--- Data section ---
★ ★ ★ ★ ★

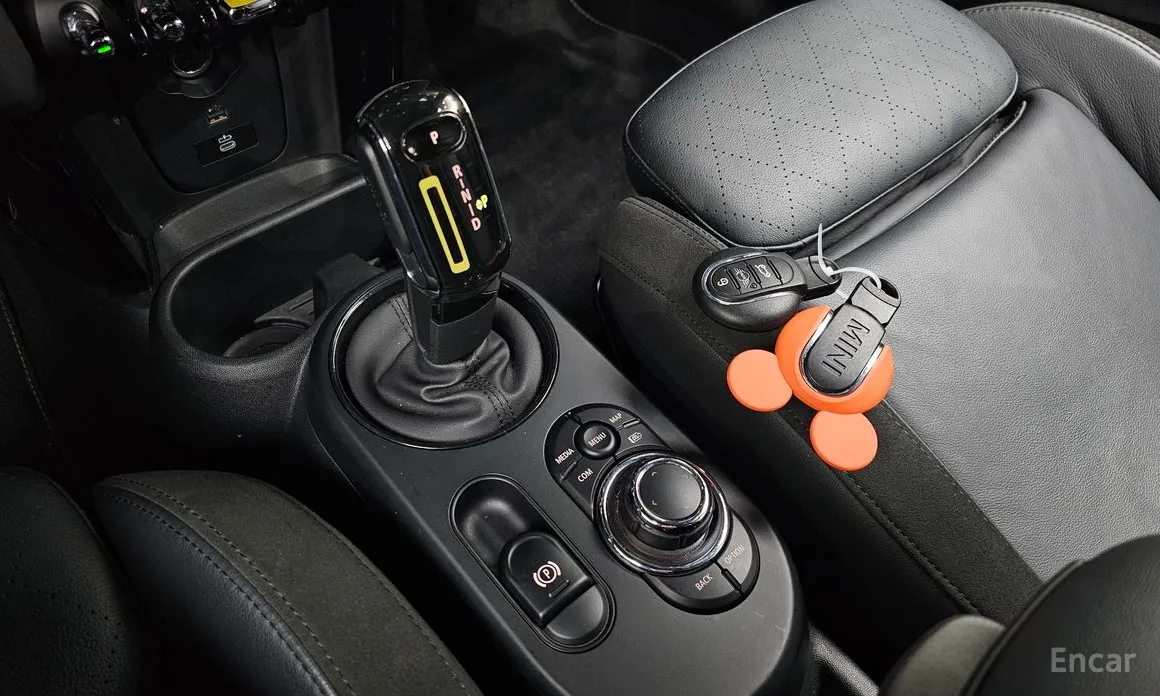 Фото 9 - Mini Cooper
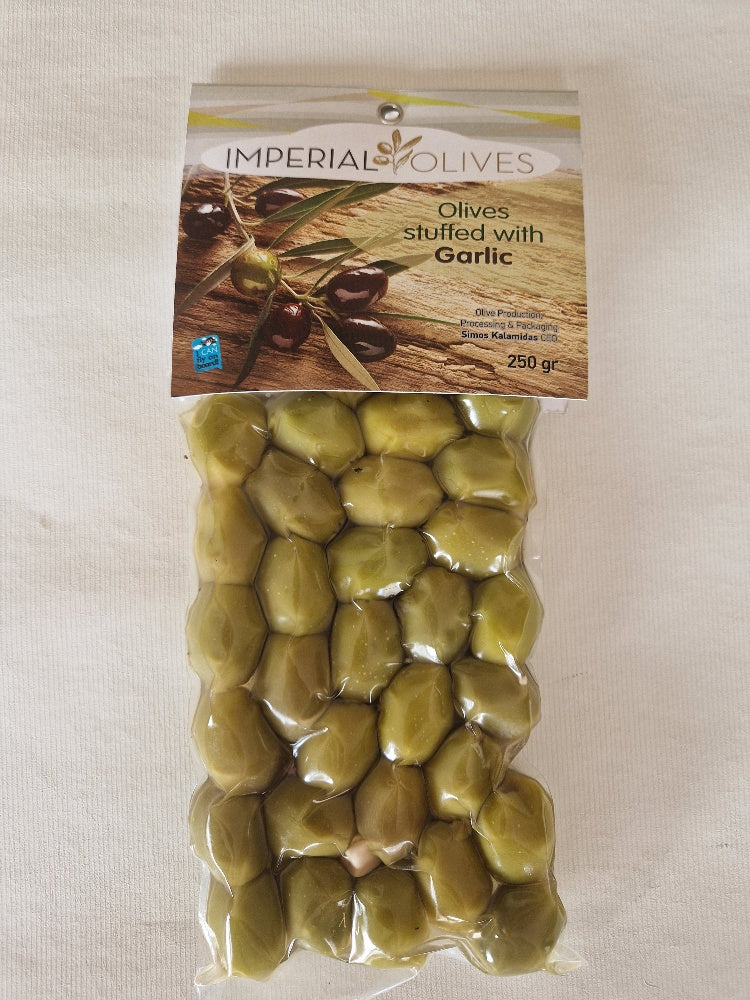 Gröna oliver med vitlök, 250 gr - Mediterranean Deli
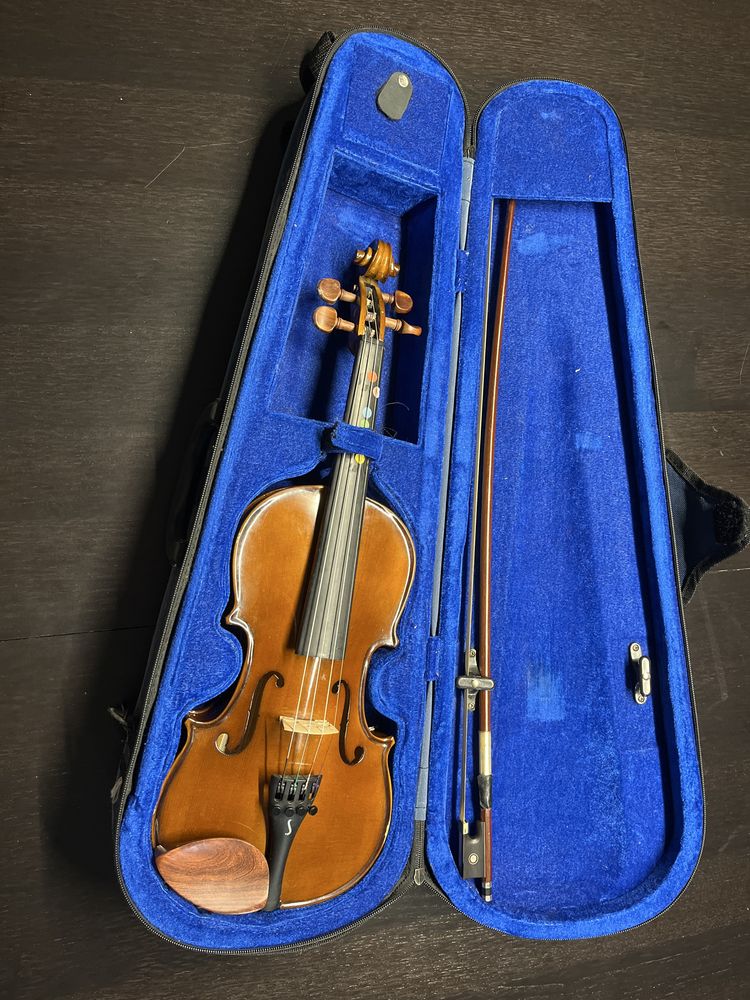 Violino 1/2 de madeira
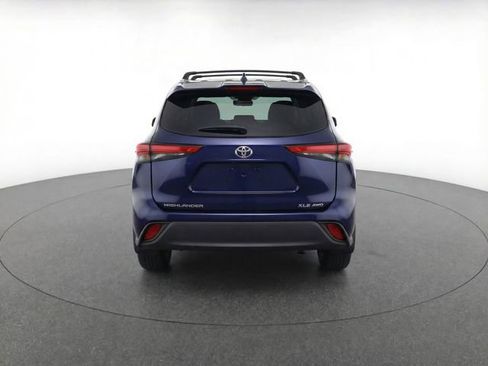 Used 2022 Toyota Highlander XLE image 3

★ ★ ★ ★ ★

--- What is required ---
What you return should be the exact lines from the one containing "Violino 1/2 de madeira" through the end of the listing above, both included, minus any pictures.

--- Written response ---
 Violino 1/2 de madeira
 Used 2022 Toyota Highlander XLE image 3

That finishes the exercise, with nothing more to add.